The owners' transfer policy has centred on signing some of the game's brightest young players, usually for inflated transfer fees, with the expectation that they will grow into a formidable team capable of once again delivering the biggest trophies to Stamford Bridge. It's a good theory, but young players with potential are precisely that, and not all of them reach theirs.
Some of Chelsea's recent signings are already looking as though they are so weighed down by the pressure of performing that they risk having their potential stifled, or snuffed out completely, while wearing the blue shirt. Mykhailo Mudryk is a classic example.

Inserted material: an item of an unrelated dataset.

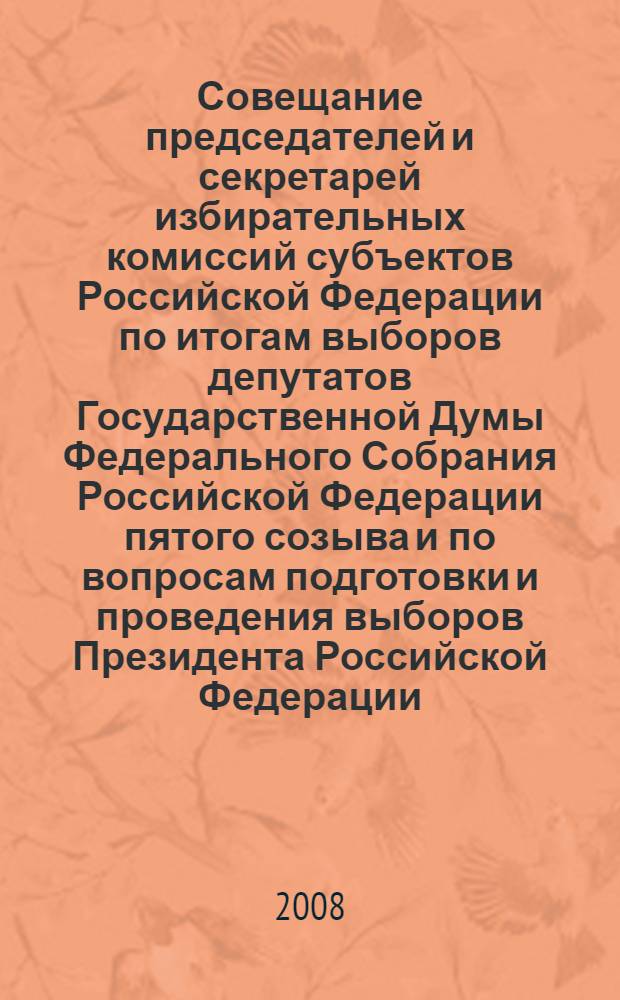 Совещание председателей и секретарей избирательных комиссий субъектов Российской Федерации по итогам выборов депутатов Государственной Думы Федерального Собрания Российской Федерации пятого созыва и по вопросам подготовки и проведения выборов Президента Российской Федерации, г. Москва, 20 декабря 2007 года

The £88 million January signing from Shakhtar Donetsk has now made 23 appearances without scoring, and his confidence looked crushed even before he was substituted in the second half. Add in the personal battle the 22-year-old must face every day, with his family still in war-torn Ukraine, and it is difficult to see how Pochettino can turn an obvious prospect into a world beater.
Mudryk is just one young player that Pochettino has to work with, though. Jackson, whose goal sent Chelsea into round four after a clever pass by 21-year-old Cole Palmer, is still too raw to be relied upon to deliver consistently. Also 22, the £32m signing from Villarreal needs to channel his obvious qualities before he becomes a top-level Premier League forward.
Pochettino's team look like a group of kids on their first day at school, all desperate to impress, yet not knowing what to do with themselves. It is a side crying out for experience and knowledge, but most of the players who could contribute were moved on during the summer, leaving only the injured 39-year-old Thiago Silva and Raheem Sterling, 28, to lead by example.
Pochettino showcased his ability to mould a young team at Tottenham, but he still had senior pros such as Jan Vertonghen, Toby Alderweireld and Hugo Lloris around to guide the youngsters. And he never had a squad as imbalanced as Chelsea's, one that saw the coach field three left-backs -- Ben Chilwell, Marc Cucurella and Ian Maatsen -- in this game. Cucurella was deployed at right-back, while Maatsen spent most of the game playing as a right winger.
Pochettino does have injuries to contend with, namely £52m striker Christopher Nkunku and right-back Reece James, but while their absences leave big holes in the team, their return won't solve Chelsea's problems.
What the team needs is the confidence that comes with consistency and results, so beating Brighton will only help. Having only previously defeated Luton Town and Wimbledon so far this season, claiming a win against a highly rated Seagulls side could be crucial ahead of trips to Fulham and Burnley next week.
After that, Chelsea face a daunting run of fixtures against Tottenham, Manchester City, Newcastle United and Brighton again. They simply have to pick up at least one win next week to avoid the unthinkable of being dragged toward the bottom end of the Premier League table.
The winless run has come to an end, though, and that is a positive for Chelsea and Pochettino. Just don't be fooled into thinking that everything will now click into gear.